Department of Psychology, University of Houston, Houston, TX, USA; Department of Behavioral Science, The University of Texas MD Anderson Cancer Center, Houston, TX, USA; HEALTH Institute, University of Houston, Houston, TX, USA.
Department of Psychology, University of Houston, Houston, TX, USA.
Addict Behav. 2025 Jan;160:108187. doi: 10.1016/j.addbeh.2024.108187. Epub 2024 Oct 2.

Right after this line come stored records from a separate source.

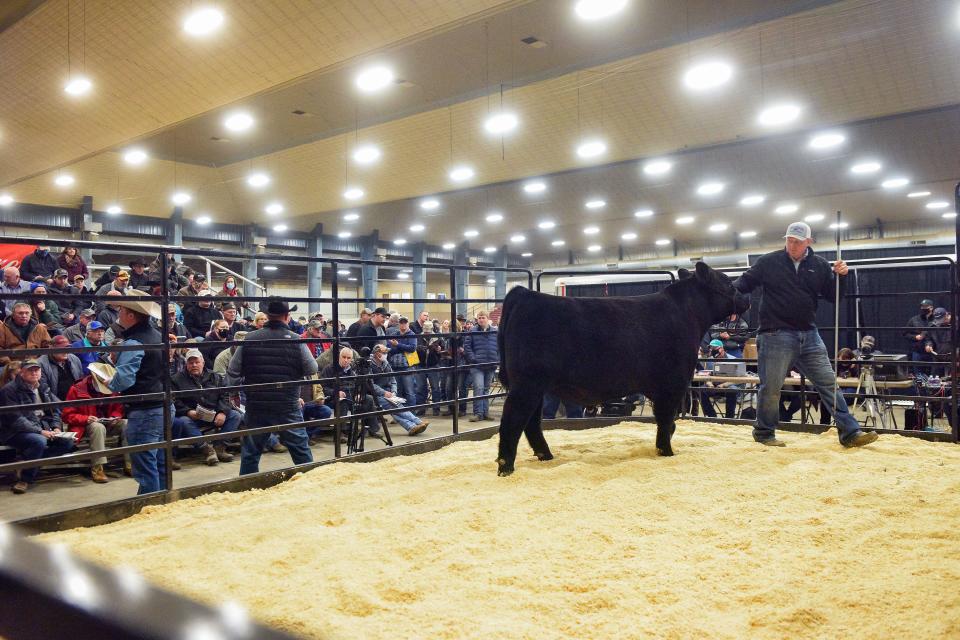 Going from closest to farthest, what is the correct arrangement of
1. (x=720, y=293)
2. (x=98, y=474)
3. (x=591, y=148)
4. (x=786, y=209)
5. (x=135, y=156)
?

Irritable bowel syndrome (IBS) is a prevalent disorder of gut-brain function associated with psychological distress as well as work and quality of life impairment. Smoking has been linked to gastrointestinal dysfunction, however, research focused on the prevalence of IBS and smoking is limited. Previous research has shown that anxiety sensitivity is linked to increased risk of aversive bodily experiences and subsequent coping-oriented regulation efforts. Higher anxiety sensitivity has also been associated with processes linked to tobacco cigarette smoking lapse and relapse. There is a need to clarify the explanatory roles of anxiety sensitivity in the context of more severe IBS symptoms among persons with IBS who are current smokers.

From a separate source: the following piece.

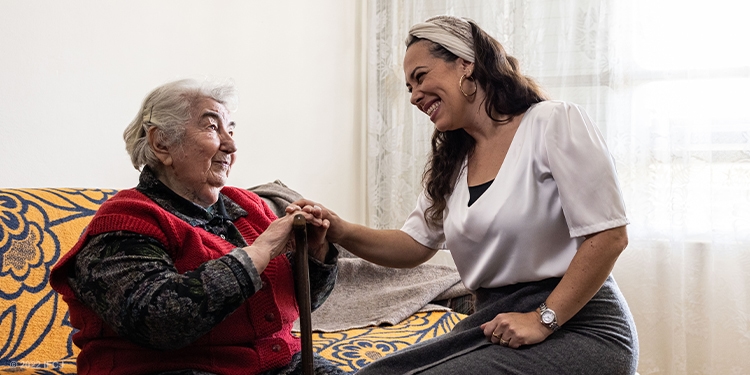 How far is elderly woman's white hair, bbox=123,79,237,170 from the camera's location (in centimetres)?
172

The present investigation evaluated the main and interactive effects of IBS symptom severity and anxiety sensitivity in relation to processes related to the maintenance and relapse of tobacco smoking among adults with IBS. The sample consisted of 263 (52.1 % female; M = 44.13 years, SD = 12.71) adults who met criteria for IBS and smoke at least 5 cigarettes per day.
Hierarchical regression results indicated that both anxiety sensitivity and IBS symptom severity independently predicted greater perceived barriers to smoking cessation, severity of problems experienced during quitting, and negative reinforcement smoking expectancies. A statistically significant interaction further indicated that IBS symptom severity was more strongly associated with negative reinforcement smoking expectancies among participants with higher, relative to lower, anxiety sensitivity.
This study is the first to show that both IBS symptom severity and anxiety sensitivity are related to greater perceived barriers to smoking cessation, previous difficulty quitting, and negative reinforcement expectancies among adults with IBS. There is a continued need to further scientific understanding of interrelations between anxiety sensitivity, IBS symptom severity, and smoking cessation-related beliefs and processes to identify novel approaches that can best support quitting among this understudied population.
肠易激综合征(IBS)是一种常见的肠-脑功能紊乱疾病,与心理困扰以及工作和生活质量受损有关。吸烟与胃肠道功能障碍有关,然而,关于 IBS 和吸烟流行率的研究有限。先前的研究表明,焦虑敏感性与厌恶的身体体验的风险增加以及随后的应对导向的调节努力有关。较高的焦虑敏感性也与与烟草香烟吸烟发作和复发相关的过程有关。需要澄清在 IBS 症状更严重的情况下,焦虑敏感性在当前吸烟者中 IBS 患者中的解释作用。
本研究评估了 IBS 症状严重程度和焦虑敏感性与与 IBS 成年人吸烟维持和复发相关的过程之间的主要和交互作用。样本包括 263 名(52.1%女性;M=44.13 岁,SD=12.71)符合 IBS 标准且每天至少吸烟 5 支的成年人。
层次回归结果表明,焦虑敏感性和 IBS 症状严重程度独立预测戒烟时的感知障碍更大、戒烟期间问题的严重程度以及消极强化吸烟预期。进一步的统计学显著交互作用表明,在焦虑敏感性较高的参与者中,IBS 症状严重程度与消极强化吸烟预期的相关性更强。
这项研究首次表明,IBS 症状严重程度和焦虑敏感性都与成年人中更大的戒烟感知障碍、先前戒烟困难和消极强化预期有关。需要进一步科学理解焦虑敏感性、IBS 症状严重程度和与戒烟相关的信念和过程之间的相互关系,以确定可以最好地支持这一研究不足的人群戒烟的新方法。